I went to the store tonight and bought butternut squash and Lacinato kale. Bring on the cooler air. I’m not missing Autumn’s veggies, even if I can’t buy directly from the farmers.
I don’t remember buying this postcard, but I found it with a few that I bought on the old strip in Vegas, so that’s my best guess. Atlantic City in Vegas… weird. Then again, everything in Vegas is weird.
Riffing on the mismatch between book and passage from Justin’s correspondence (That Delicate Reserve, 02.09), I’ve juxtaposed something campy and lighthearted with something darker and totally unrelated.
The quote is from the Charles Bukowski poem, Dinosauria, We. There’s a kind of creepy reading by him on YouTube that I just discovered this morning, here. I find that reading poetry leads to better comprehension than listening; if you’re like me, you can find the text (albeit without the stanza breaks – boo) here.
Googling for the text of the poem just now taught me that MF Doom’s album title Born Like This was taken from the same poem.

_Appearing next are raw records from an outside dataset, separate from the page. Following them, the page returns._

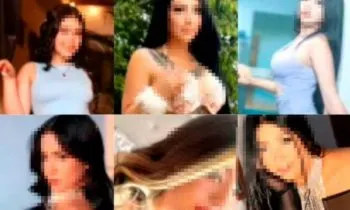 Fiscalía de Tabasco localiza a salvo a las escorts colombianas reportadas como desaparecidas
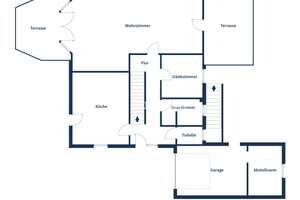 Sieben Zimmer, sonniger Garten und zahlreiche Möglichkeiten – Die vollständige Adresse der Immobilie erhältst du vom Anbieter., 38446 Reislingen, Wolfsburg – Vorschaubild 20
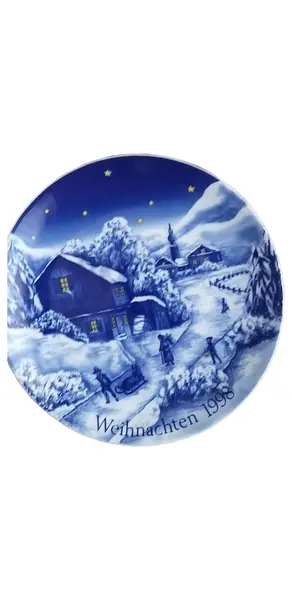 BAVARIA Sammelteller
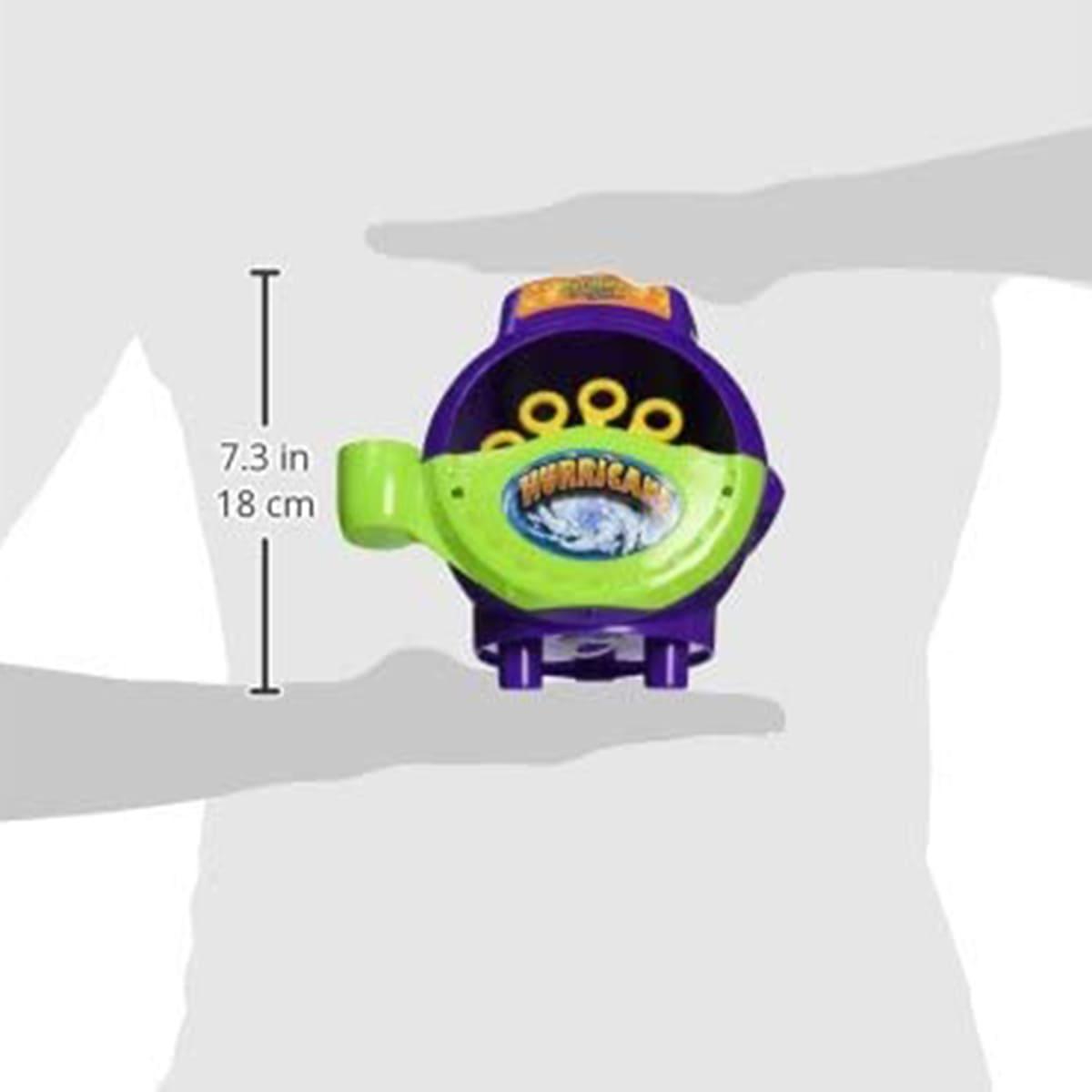 Gazillion Bubble Hurricane Bubble Machine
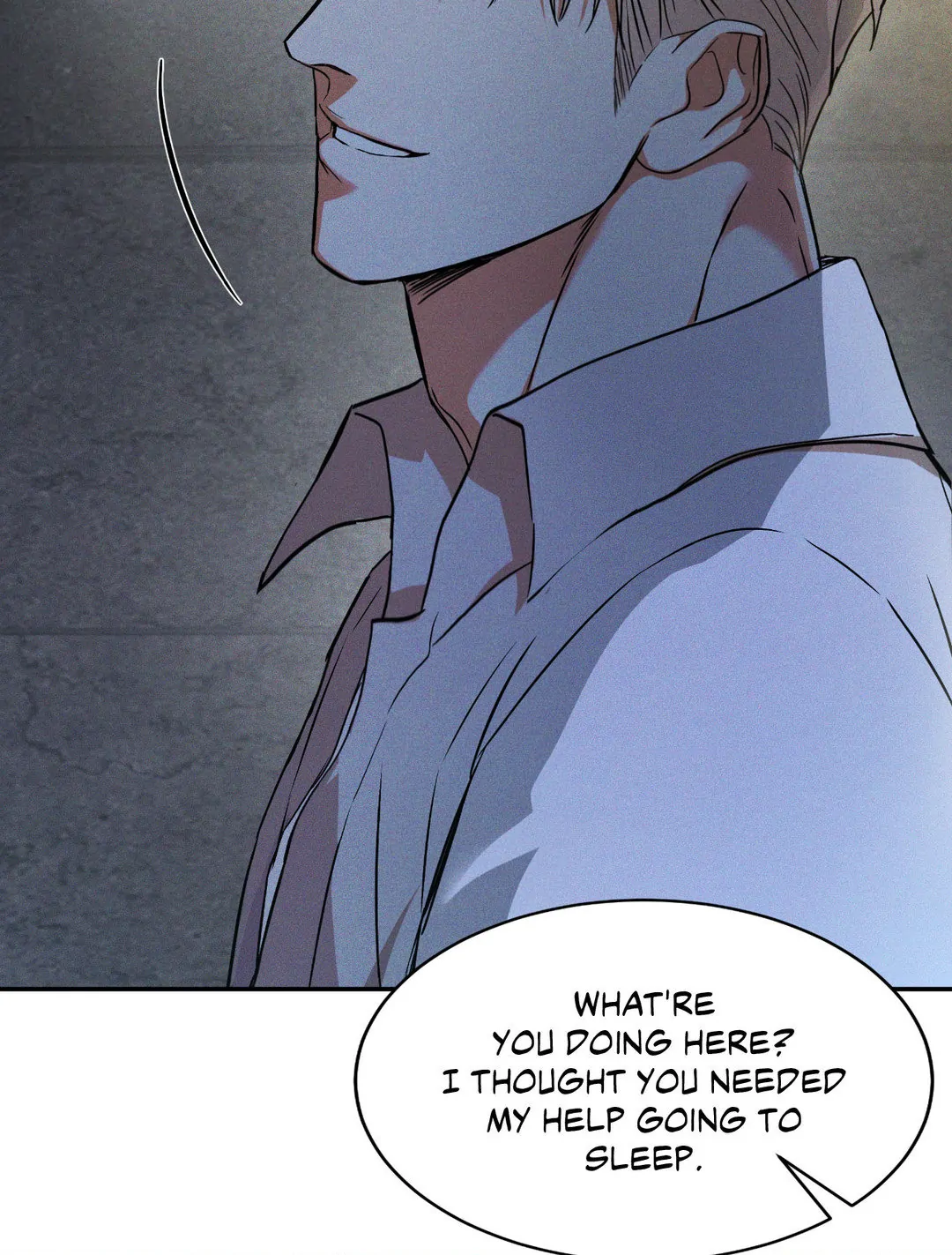 FlashLight [Official] {Uncensored} - Chapter 6 manhwa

I knew I loved that guy!
I nearly forgot to post today. I think I had too much sleep – over 12 hours! I bailed on a class last night to sleep, and tonight I’m bailing on another class to put away the enormous amount of laundry that I did yesterday (most of it is still hanging in every doorway and from my shower curtain rod). Likewise, I’m bailing on this entry. The postcard and my love of Raquel will have to stand alone.
I figured that at some point I would start writing quotes or passages on postcards, but Justin (and Nick) beat me to it. What’s interesting here is that the passage is not from the book pictured on the postcard. Rather, it is from the first section in Confessions of an English Opium-Eater by Thomas de Quincey. I haven’t read either of these works. I wonder if Justin is suggesting that I ought to?
The double ended arrow at the bottom right seems to be drawn over an erased “<<LOL>>” – I’m curious why he decided against the LOL and chose the arrow. Brooklyn is spelled “Brooklyl” – is he mocking me with a joke that I’m too daft to get? This postcard contains no answers, only questions.